WHAT THIS TASK INVOLVES: Please write out exactly the lines from the one with "Gabbeh Teppich - Loribaft" through the end of the data below, both ends included, and omit any pictures.

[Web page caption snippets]

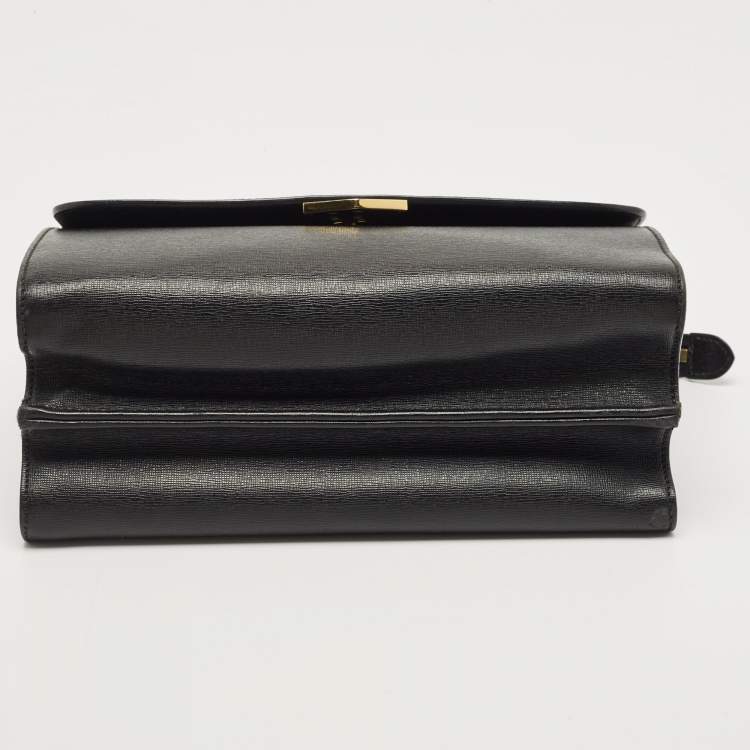 مملوكة مسبقًا Fendi Black Leather Small Demi Jour Top Handle Bag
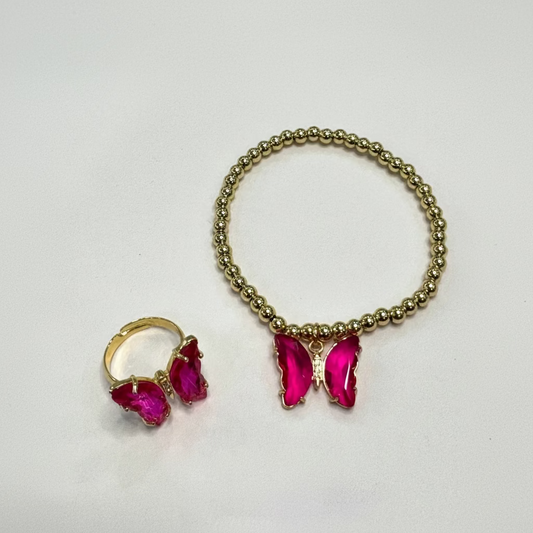 Brazalete y anillo de mariposa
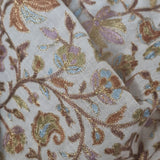 Chinar Leaf White Pashmina Fine Wool Nalki Hand-Embroidered Shawl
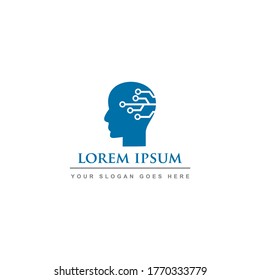 logotipo de cabeza de tecnología , logotipo de tecnología de innovación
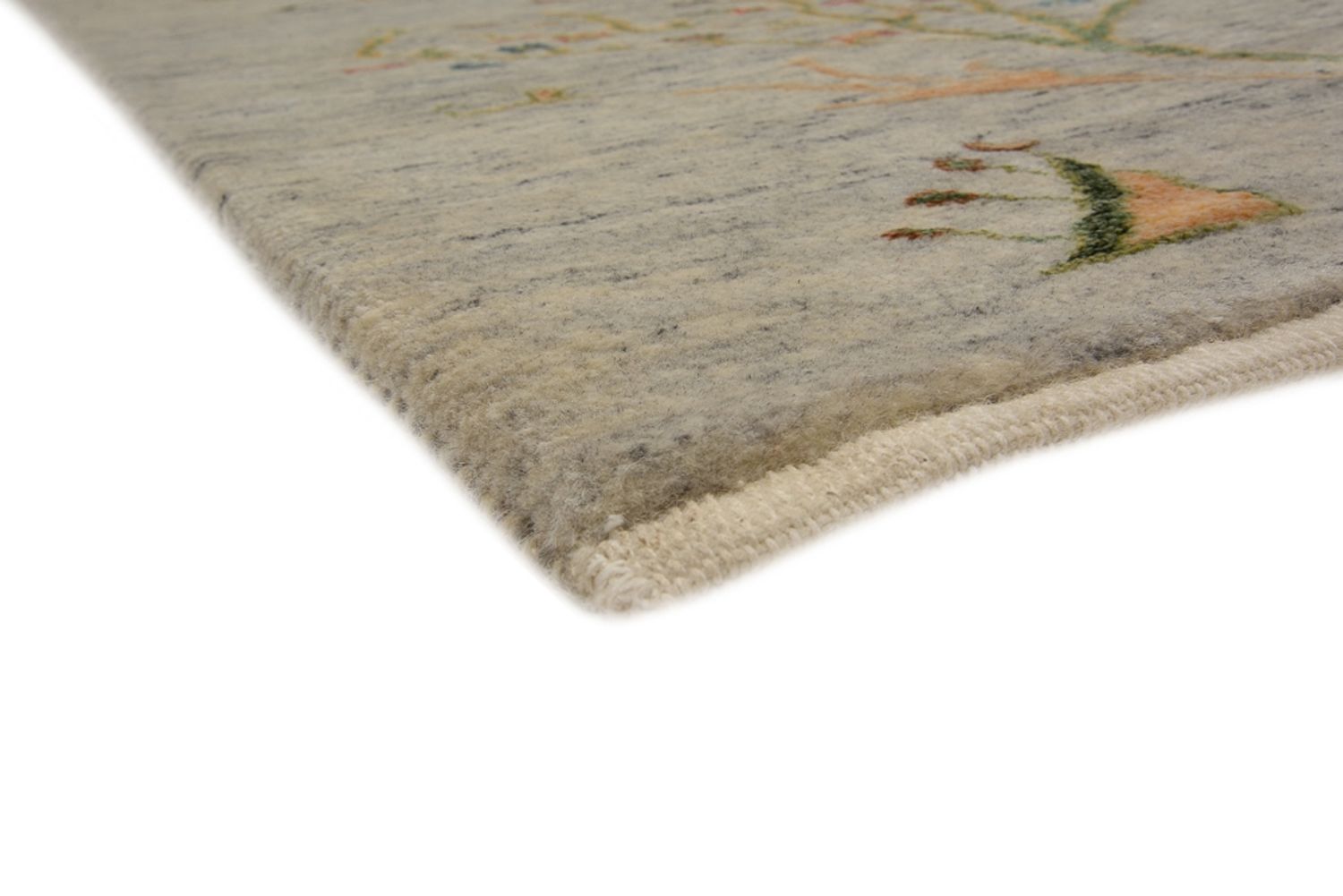 Gabbeh Teppich - Loribaft Indus - 295 x 206 cm - hellgrau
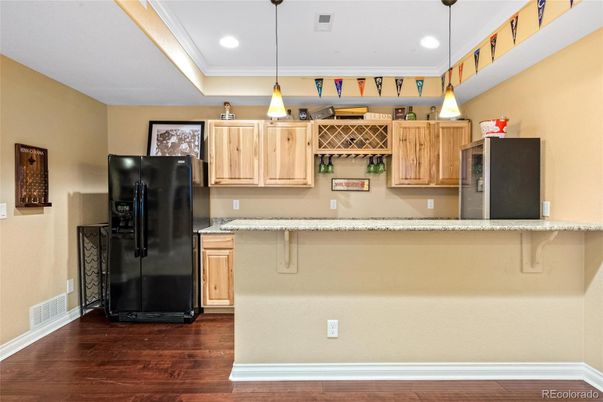 Interior, Kitchen, Pendant Lights, Recessed Lighting, Wood Texture Flooring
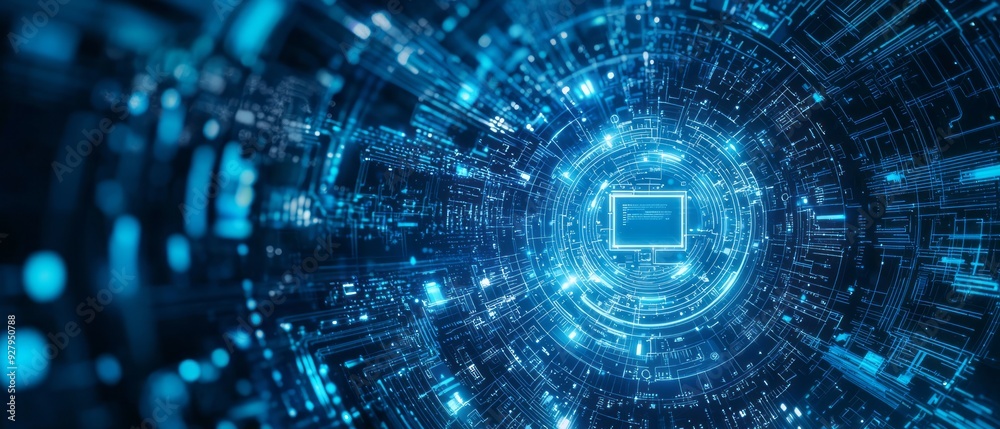 Fototapeta premium Cybersecurity Ai banner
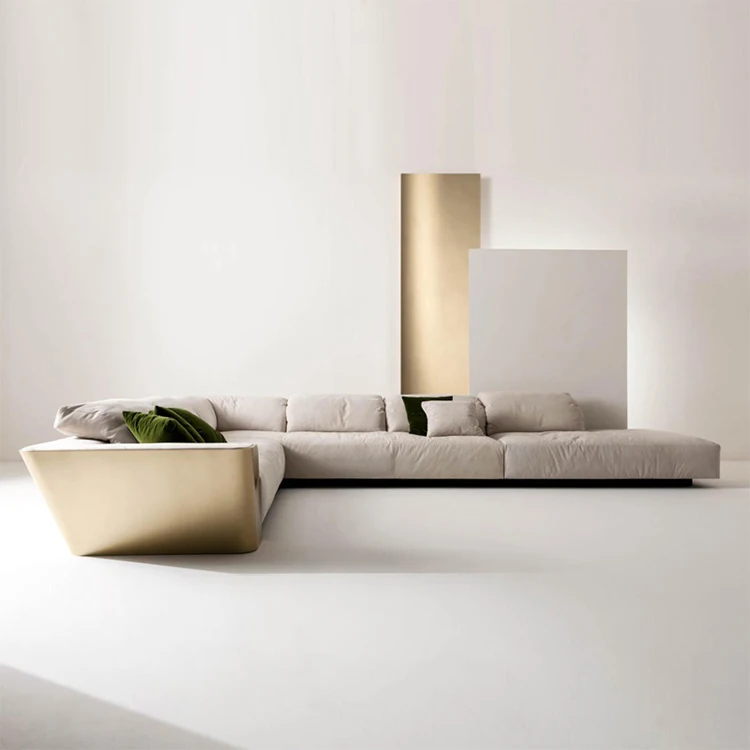 &Italian Light Luxury Leather Sofa Living Room Three-person Stainless Steel Sofa Imported Frosted Leather Furniture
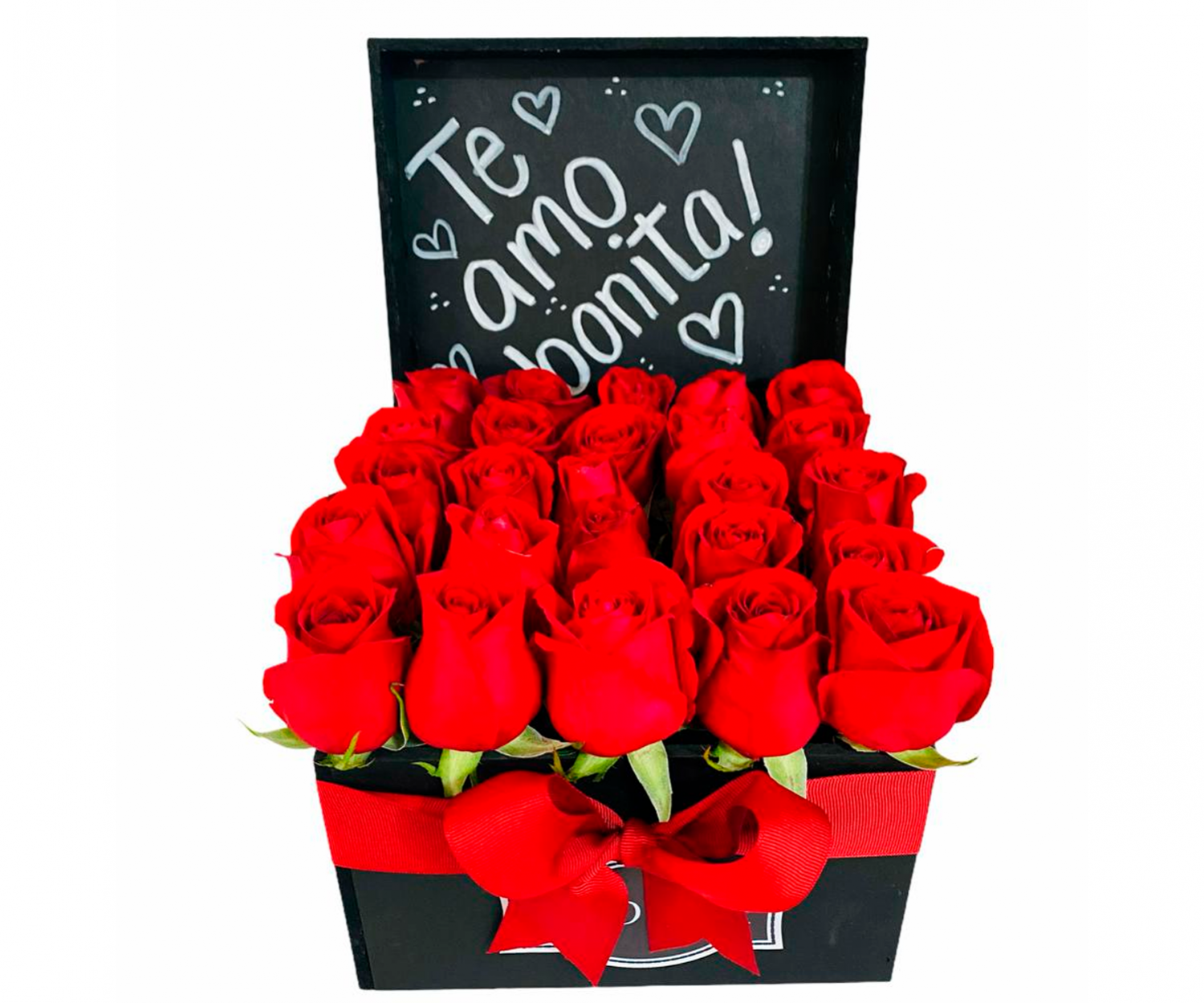 Arreglo Encanto – 25 Rosas en Caja Negra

SOLVED PROBLEM:
 Gabbeh Teppich - Loribaft Indus - 295 x 206 cm - hellgrau
 Interior, Kitchen, Pendant Lights, Recessed Lighting, Wood Texture Flooring
 Fototapeta premium Cybersecurity Ai banner
 &Italian Light Luxury Leather Sofa Living Room Three-person Stainless Steel Sofa Imported Frosted Leather Furniture
 Arreglo Encanto – 25 Rosas en Caja Negra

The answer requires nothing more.